Aber nun war grob geschätzt ein viertel seines Körpers zerstört worden und daher würde er auch mehr Zeit für die Heilung benötigen. Mein Partner hatte sich oft genug zurichten lassen, dass ich beinahe besser wusste als er, wie lange er flach liegen würde – nicht zuletzt, weil ich mich über die lange Wartezeit aufregte.

Dieses mal würde es nebenbei gesagt nicht anders sein.

Er würde auf jeden Fall ein paar Stunden brauchen, wenn nicht sogar einen halben Tag, um wieder auf die Beine zu kommen. Die Zeit an Ort und Stelle auszusitzen kam nicht in Frage. Wer wusste schon, ob sich hier nicht noch ein weiteres mutiertes Vieh herumtrieb.

Weswegen mir die Entscheidung leicht gefallen war und ich knapp eine Stunde später mit Hidan – oder das, was von ihm übrig war – auf meiner Schulter das Dorf erreichte, an dem wir nur kurz zuvor vorbeigekommen waren. In diesem war keine Menschenseele mehr vorzufinden, die Einwohner mussten durch den Regen in ihre Häuser geflüchtet sein. Der Alte, der uns zum Schluss so übel beschimpft hatte, war auch wie vom Erdboden verschluckt.
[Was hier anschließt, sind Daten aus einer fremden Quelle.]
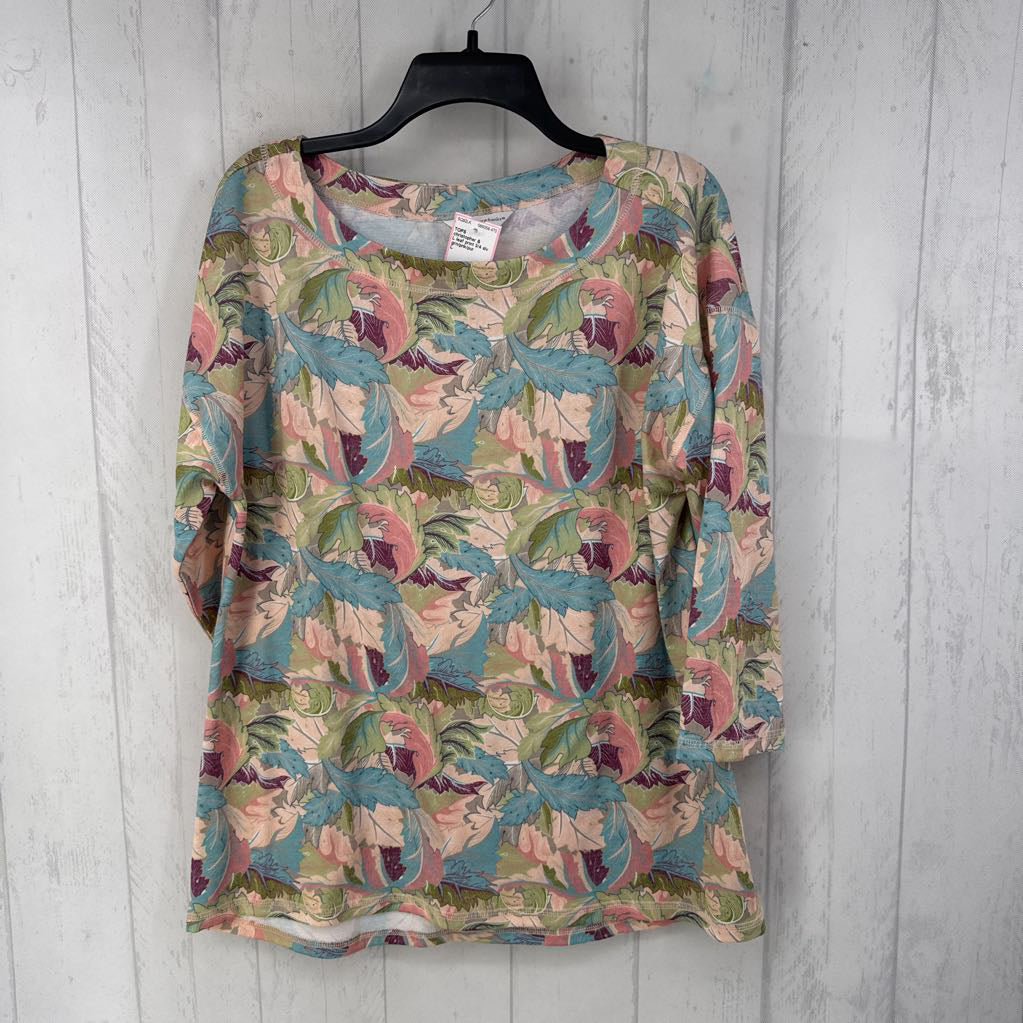 L leaf print 3/4 slv top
Doch als ich das Gelände seines sogenannten Kurhauses betrat und die Steinplatten hoch zum Eingang des Gebäudes lief, schob sich plötzlich die Schiebetür zur Seite und ich konnte ihn im Rahmen stehen sehen. Er gefror in der Bewegung, als er mich entdeckte und legte erstaunt den Kopf schief.

«Ihr seid am Leben.»

«Nur zum Teil», erwiderte ich trocken und ignorierte seine darauf folgende Verwirrung. «Es war etwas von Rabatten die Rede. Wir haben es uns anders überlegt.» Damit war ich so frei und ging an ihm vorbei ins Innere.
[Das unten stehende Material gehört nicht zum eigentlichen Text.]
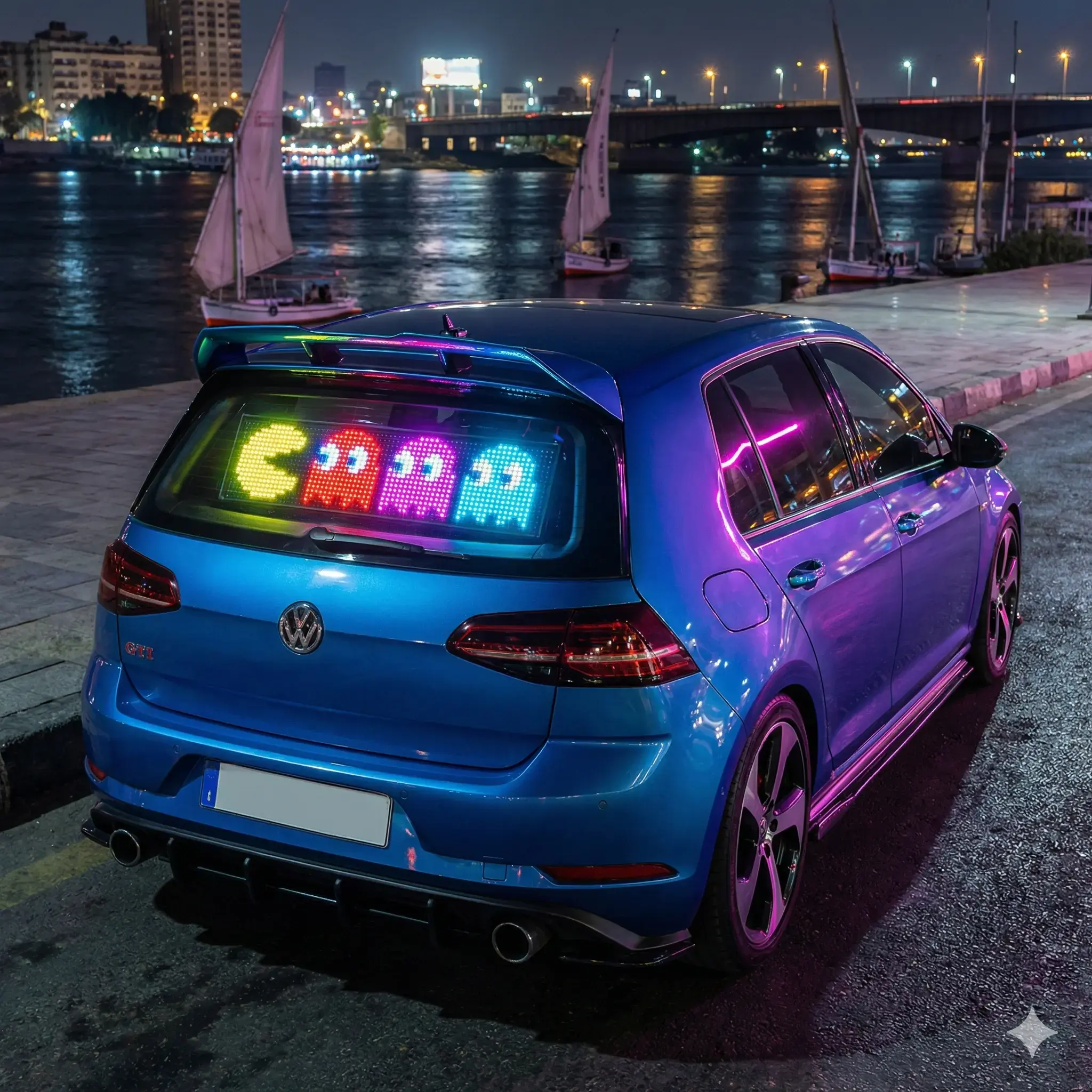 سيارة رياضية على كورنيش النيل مع شاشة LED باك مان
In dem großen, hell eingerichteten Empfangsraum kniete eine junge Frau – oder fast noch Mädchen – auf dem Boden und war gerade dabei frische Handtücher aus einem Wäschekorb zusammenzulegen. Sie schreckte auf, als ich so plötzlich in den Raum drang. Sie faltete ihre Hände in ihrem Schoß und erwiderte schüchtern den Blick.

«Meine Enkelin, Misaki», erklärte der Alte, der mir gefolgt war.
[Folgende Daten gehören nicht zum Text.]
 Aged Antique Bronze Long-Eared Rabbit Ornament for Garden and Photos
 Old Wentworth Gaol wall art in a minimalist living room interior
«Nun», brummte ich. «Zeit zu beweisen, dass eure Versprechungen nicht nur Geschwätz waren und die angepriesenen Heilbäder tatsächlich etwas taugen. Mein Partner braucht dringend eine Behandlung.»

«Aber natürlich! Ihr werdet nicht enttäuscht sein. Habt ihr vor hier zu nächtigen?»

Ich bejahte widerwillig. Auch wenn wir dadurch weiter zurückfielen, machte es keinen Sinn, heute noch weiterzuziehen, wenn schon bald die Nacht einbrach.